A month or two ago, I read several blogs regarding pre-season tactics for Fall bowhunting. One thing I saw from Hunting Wisconsin's "Bow Season Prep Starts Now" that I really liked was the idea of using a geographical map of the land beforehand to get a feel for the land before you ever take a step into the woods. I've spent many hours wandering the land where I hunt, and I know it rather well, so I decided to take the geographic map a step further and highlight some of the aspects of the land. The finished product was this...

I used the simple Microsoft Paint program on my computer to highlight aspects about the land. I've done this type of work before on a different piece of land, and I've found a couple advantages for doing so. 1) You can test your own knowledge of the land and fence lines. 2) It can become easier to pattern deer movement with a larger view of the land. 3) If two or more people are hunting the same piece of land, you can each have a map and coordinate where you are going to hunt together. You know exactly where they are going to be, and they know exactly where you are going to be. In the past, I have printed and laminated these maps and handed them out before the hunt started. You can also use dry-erase markers on the laminated surface and create a plan of action for your group right on the map. With this map, there is no more fear of firing in the wrong direction.

For my geographic map, I found a handy website that is updated every now and again by Iowa State University. From what I understand, Google Earth will also generate a geographic map for you (and possibly topographic/other helpful maps).

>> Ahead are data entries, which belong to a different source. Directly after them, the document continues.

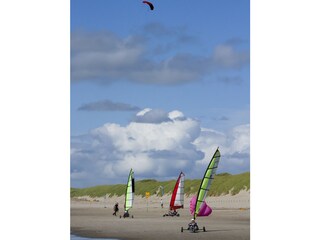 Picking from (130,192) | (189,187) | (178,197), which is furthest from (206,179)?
(189,187)

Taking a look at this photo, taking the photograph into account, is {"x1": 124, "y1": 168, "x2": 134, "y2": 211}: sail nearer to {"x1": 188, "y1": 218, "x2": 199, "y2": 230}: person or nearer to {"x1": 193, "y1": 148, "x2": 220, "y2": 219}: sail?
{"x1": 193, "y1": 148, "x2": 220, "y2": 219}: sail

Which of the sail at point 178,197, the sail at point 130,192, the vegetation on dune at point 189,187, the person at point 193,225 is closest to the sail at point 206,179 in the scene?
the person at point 193,225

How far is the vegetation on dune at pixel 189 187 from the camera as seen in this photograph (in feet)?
139

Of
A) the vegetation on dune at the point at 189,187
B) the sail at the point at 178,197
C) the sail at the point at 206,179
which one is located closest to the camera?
the sail at the point at 206,179

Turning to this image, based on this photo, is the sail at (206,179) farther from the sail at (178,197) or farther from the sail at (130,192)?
the sail at (130,192)

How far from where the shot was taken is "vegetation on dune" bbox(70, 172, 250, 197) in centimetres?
4222

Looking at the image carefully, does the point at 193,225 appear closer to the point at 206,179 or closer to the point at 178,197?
the point at 206,179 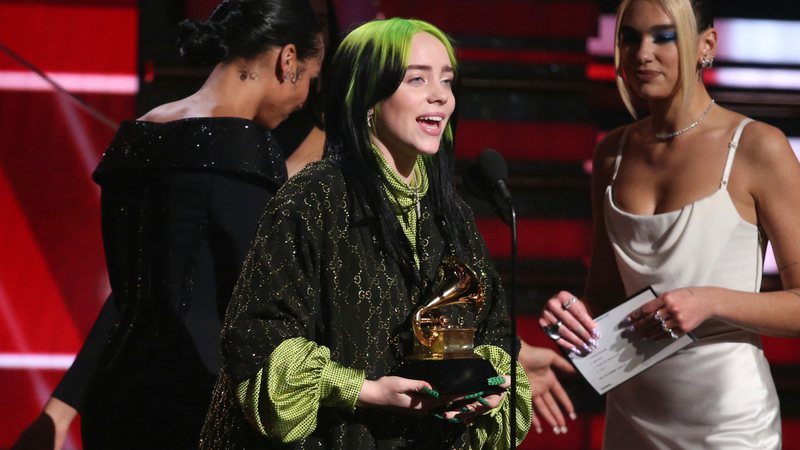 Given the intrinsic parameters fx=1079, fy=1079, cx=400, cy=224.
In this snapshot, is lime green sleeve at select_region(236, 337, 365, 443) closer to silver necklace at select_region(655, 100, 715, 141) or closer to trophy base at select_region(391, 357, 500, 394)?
trophy base at select_region(391, 357, 500, 394)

  1. Pretty cool. I have wanted to try doing just this sort of thing for some time now but have never gotten around to it. Hope it helps with your scouting.

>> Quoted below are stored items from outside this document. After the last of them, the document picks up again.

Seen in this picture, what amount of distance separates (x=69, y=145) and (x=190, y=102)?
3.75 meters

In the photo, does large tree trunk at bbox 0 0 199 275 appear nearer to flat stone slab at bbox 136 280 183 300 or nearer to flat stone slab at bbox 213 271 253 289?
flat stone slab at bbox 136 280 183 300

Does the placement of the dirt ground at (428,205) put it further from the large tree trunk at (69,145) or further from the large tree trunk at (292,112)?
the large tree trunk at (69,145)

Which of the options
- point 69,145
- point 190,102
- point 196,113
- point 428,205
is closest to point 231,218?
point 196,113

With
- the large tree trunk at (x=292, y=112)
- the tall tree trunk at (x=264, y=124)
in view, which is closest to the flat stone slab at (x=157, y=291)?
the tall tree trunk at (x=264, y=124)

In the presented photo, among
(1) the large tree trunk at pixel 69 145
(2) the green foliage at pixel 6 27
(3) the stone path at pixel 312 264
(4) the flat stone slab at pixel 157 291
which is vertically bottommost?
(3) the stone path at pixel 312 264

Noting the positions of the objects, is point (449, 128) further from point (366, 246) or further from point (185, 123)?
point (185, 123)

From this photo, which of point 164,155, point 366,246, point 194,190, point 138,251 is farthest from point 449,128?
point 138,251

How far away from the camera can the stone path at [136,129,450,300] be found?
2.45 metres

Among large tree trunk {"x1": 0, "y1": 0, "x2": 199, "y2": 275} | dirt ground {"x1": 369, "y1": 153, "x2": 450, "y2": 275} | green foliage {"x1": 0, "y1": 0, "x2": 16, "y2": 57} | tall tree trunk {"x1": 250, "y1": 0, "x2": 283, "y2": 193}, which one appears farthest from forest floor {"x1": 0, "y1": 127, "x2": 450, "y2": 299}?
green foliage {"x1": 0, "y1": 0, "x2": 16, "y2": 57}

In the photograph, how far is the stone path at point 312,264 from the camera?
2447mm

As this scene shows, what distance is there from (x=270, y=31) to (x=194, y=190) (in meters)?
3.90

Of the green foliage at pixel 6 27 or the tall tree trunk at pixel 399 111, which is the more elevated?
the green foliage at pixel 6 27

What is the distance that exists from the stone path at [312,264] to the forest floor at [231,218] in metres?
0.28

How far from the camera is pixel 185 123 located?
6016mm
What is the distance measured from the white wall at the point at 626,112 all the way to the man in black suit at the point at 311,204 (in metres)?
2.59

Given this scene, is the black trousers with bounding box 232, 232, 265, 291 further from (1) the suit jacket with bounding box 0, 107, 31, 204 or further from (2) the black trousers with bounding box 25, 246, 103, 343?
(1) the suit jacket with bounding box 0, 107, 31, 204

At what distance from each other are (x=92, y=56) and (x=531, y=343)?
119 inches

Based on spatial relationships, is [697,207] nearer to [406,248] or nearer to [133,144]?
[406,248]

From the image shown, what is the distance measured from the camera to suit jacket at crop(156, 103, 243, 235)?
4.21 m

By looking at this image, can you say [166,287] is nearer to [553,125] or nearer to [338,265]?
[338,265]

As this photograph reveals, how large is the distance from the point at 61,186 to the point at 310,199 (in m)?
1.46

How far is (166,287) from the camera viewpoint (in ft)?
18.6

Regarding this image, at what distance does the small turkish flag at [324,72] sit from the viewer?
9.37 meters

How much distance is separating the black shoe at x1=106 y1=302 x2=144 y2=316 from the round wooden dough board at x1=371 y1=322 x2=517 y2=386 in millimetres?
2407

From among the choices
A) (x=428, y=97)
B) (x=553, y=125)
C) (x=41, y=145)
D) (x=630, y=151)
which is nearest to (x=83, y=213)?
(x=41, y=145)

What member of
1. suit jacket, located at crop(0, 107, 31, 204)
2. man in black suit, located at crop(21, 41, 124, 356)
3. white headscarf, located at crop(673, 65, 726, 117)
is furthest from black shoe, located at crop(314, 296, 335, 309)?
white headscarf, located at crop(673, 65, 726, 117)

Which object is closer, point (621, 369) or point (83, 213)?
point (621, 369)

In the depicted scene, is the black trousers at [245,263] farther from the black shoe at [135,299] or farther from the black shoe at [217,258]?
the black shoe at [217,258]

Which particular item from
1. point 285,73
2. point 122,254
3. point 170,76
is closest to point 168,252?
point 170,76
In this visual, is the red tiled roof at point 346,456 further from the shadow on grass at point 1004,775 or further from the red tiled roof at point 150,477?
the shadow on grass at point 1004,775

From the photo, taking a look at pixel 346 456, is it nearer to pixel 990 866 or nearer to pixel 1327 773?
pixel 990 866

  2. We have been looking at topo maps, and aerial maps for years. They are both great tools to use to find different geological features that can definitely help with your hunting success.

    We have also used them as a reference so we know where other hunters would be, just as you did.

    A great tip, and one I use all the time.

  3. It is always a good idea to map your area. It can change from year to year, good post.

    side note: Paul could you email me at
    I was not able to find your address and I have a question about your pictures.

  4. Great post, I'll higlight it on my next Blog Rodeo!